Northwest Voices | Letters to the Editor
Boy Scouts of America keep ban on gay members
Truly unacceptable in the 21st century
Shame on the Boy Scouts of America [“Despite protests, Boy Scouts keep ban on gays,” news, July 18]. Not only do they produce overconfident, dangerous outdoorsmen, but they perpetuate a legacy of militarism and bigotry.
The mission of scouting is at heart to provide support, fellowship, instruction to all boys — something which the BSA has consistently failed to do. Rather, it has retreated into the refuge of “tradition,” as if the prejudices of today are in any way less repugnant due to their acceptability in the past.
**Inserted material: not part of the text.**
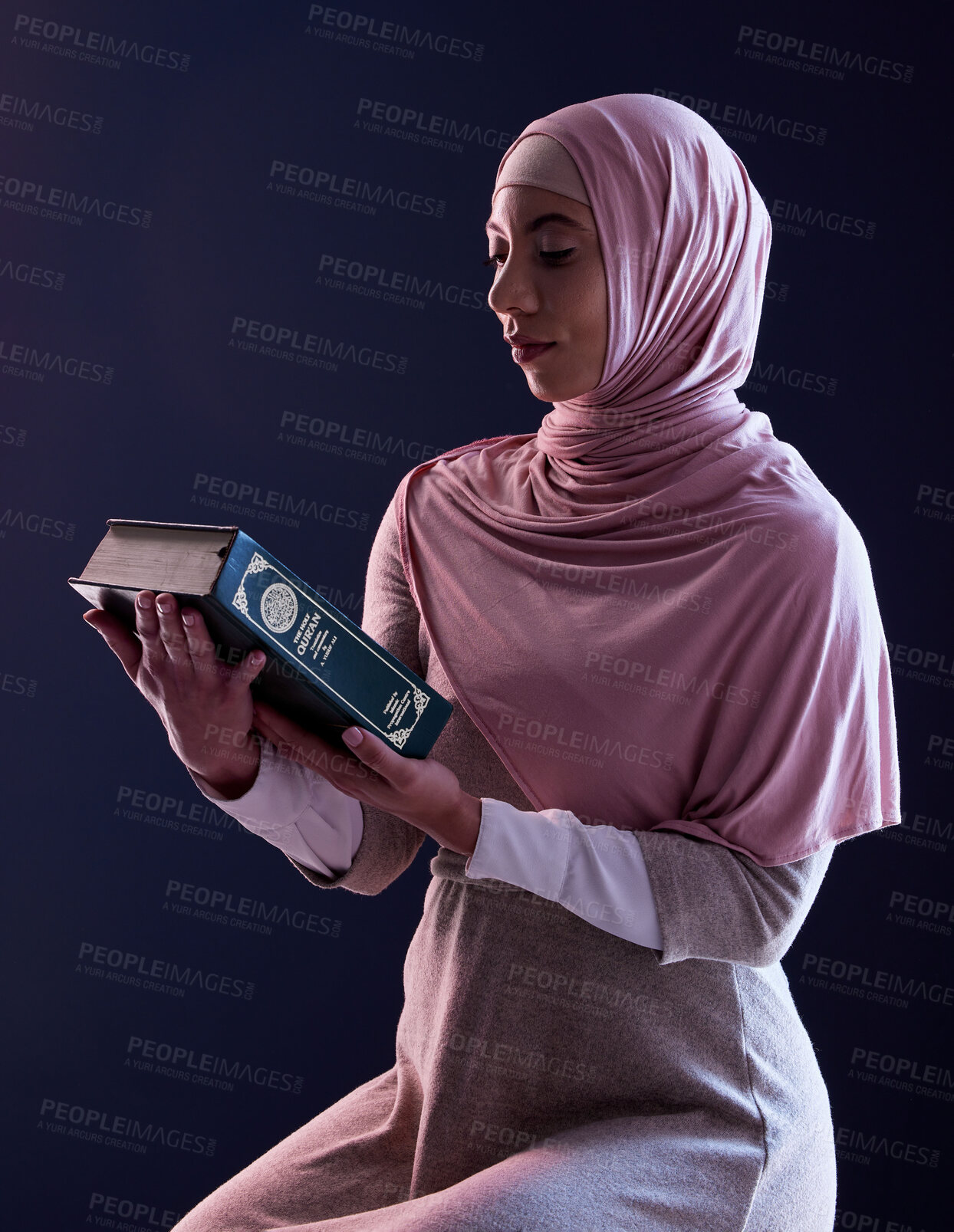 Buy stock photo Quran, faith and muslim woman reading in a studio with traditional clothes and hijab. Serious, religion and young islamic female person studying the holy Arabic book isolated by a black background.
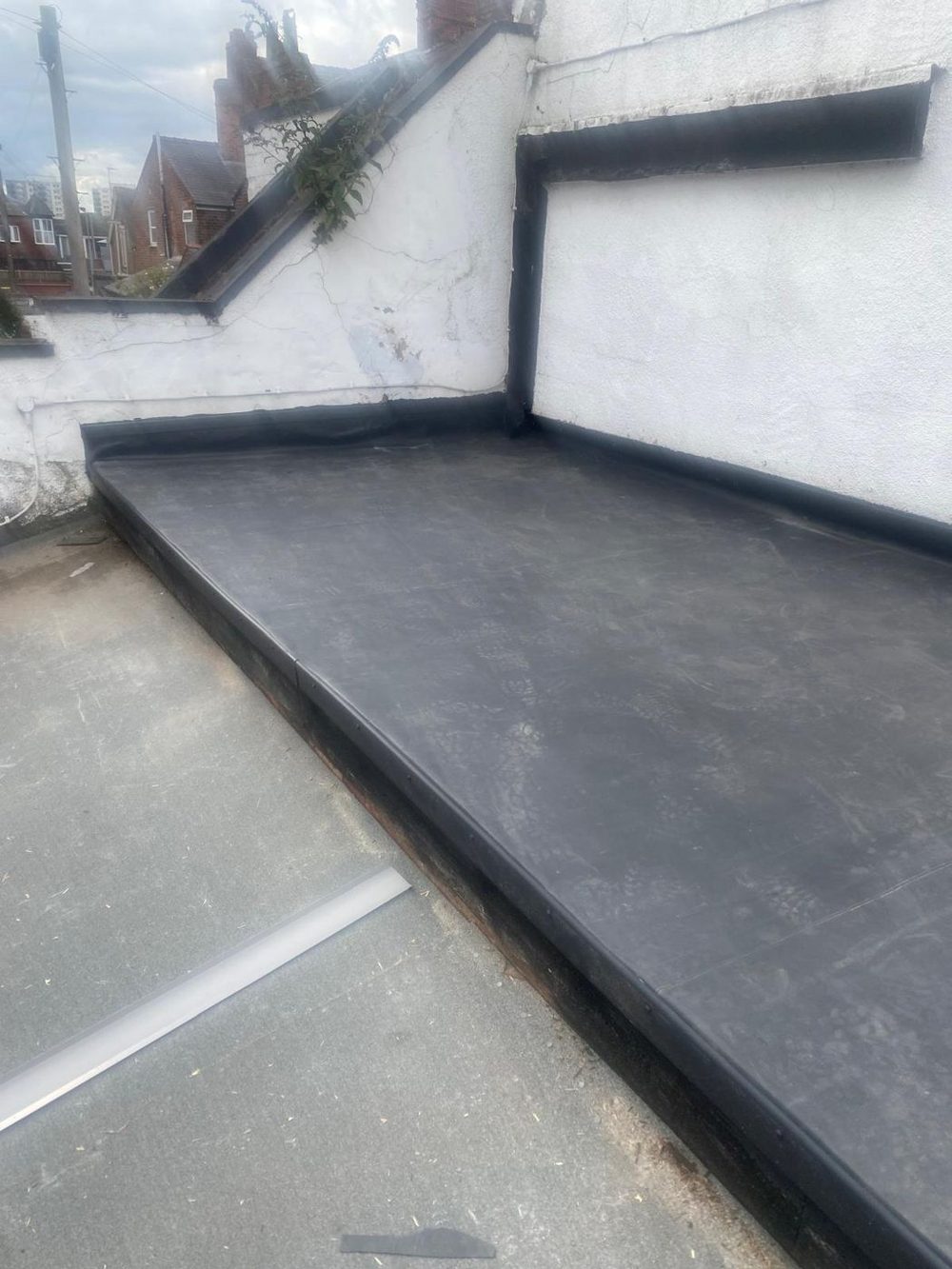 A finished EPDM roof on two levels, taken up as an upstand against the rendered wall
The refusal to accept homosexual or nonreligious scouts is truly unacceptable in the 21st century. These boys have as much passion for the outdoors, as much need for support and friendship, as any other. What should be a place for all, has become a place for the few; and woe betide the scout who questions or strays from this path.
In an increasingly diverse, increasingly changing America, to seek the safety of homogeneity is to die, and the numbers reflect this. Membership numbers of the Boy Scouts have been in decline, in part due to increases in other opportunities for recreation, as well as an increasing awareness of the culture of intolerance and silence within the organization.
I have spent the last six years of my life deeply involved in outdoor recreation, and it truly saddens me that I cannot support what should be an integral part of the American outdoor community; the potential for good within this institution is immense. Instead, the BSA has become a place of indoctrination and hatred.
There already exists a model of scouting which need not have these issues; overseas scouting organizations make few distinctions between religion, sexuality and even gender. This is the path to the future.
At this moment, the BSA stands on the wrong side of history; they must change, or find themselves increasingly irrelevant, increasingly an artifact of the reactionary past. It is my hope that they may do so before it’s too late.